To that point, suspicious logins are the main driving force behind the massive increase we’re seeing in detections associated with T1078.004: Cloud Accounts. More specifically, we’ve expanded our identity detection coverage by leveraging agentic AI to examine logs from identity providers on a per-user basis to build user baseline reports—as demonstrated by the notable increases in May and June in particular. When a login deviates from the norm for a given user—e.g., the user logs in from an unusual device—an event is generated and investigated by a mix of humans, AI, and machine learning.

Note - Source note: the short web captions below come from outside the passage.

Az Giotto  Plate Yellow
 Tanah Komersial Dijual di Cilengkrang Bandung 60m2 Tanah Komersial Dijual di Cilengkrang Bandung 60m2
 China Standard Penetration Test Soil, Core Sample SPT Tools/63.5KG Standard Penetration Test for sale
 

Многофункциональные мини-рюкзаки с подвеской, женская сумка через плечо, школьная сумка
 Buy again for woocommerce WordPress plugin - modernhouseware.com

Some of this increase is being driven by new methods for detecting logins emanating from unusual IP spaces, locations, or suspicious virtual private networks (VPNs) in particular. We know that adversaries use VPNs to cloak their actual geolocation (because a login from a suspicious and unusual geolocation would be conspicuous and easy to detect) and we know that users probably shouldn’t be running consumer VPNs on company-owned computers, but we also know that people are using VPNs on their personal devices, where they also login to corporate accounts.

As such, these detections fall into a few different categories:

• overtly malicious account compromises conducted by adversaries leveraging VPNs to cloak their geolocation or IP space
• suspicious or unwanted logins where legitimate employees are violating policy by running unsanctioned VPNs on company assets
• probably benign logins where people are accessing corporate accounts while knowingly or unknowingly using a VPN on a personal device

Differentiating between these three categories is difficult at scale, and some of these logins are obviously suspect while others are kind of ambiguous. However, suspicious logins certainly represent a risk to organizations, and you have to make a choice: either detect these kinds of risky logins and accept that you’re going to catch some benign ones or ignore them altogether and expose yourself to increased risk.

The importance of risk detection

The principle of risk detection is crucial across identities (and in the cloud as well, which we’ll examine in the Techniques section of this report). By the time you’re aware of a potential threat on an endpoint, there are thousands of sequential signals to investigate as an adversary pursues their objectives.

When we detect a threat on an endpoint, we know what happened before, during, and after the threat, and we’re pretty confident it’s malicious or suspicious (i.e., the investigation is largely done). By contrast, detecting a compromised identity is contingent on the characteristics of a sketchy login that’s already succeeded (or failed) and may represent a potential risk to your organization. You can capture user behaviors after the login that occurred on systems with sufficient logging and monitoring, but detecting the risky login and flagging the associated identity is often a starting point for an investigation that may take place on disparate other systems.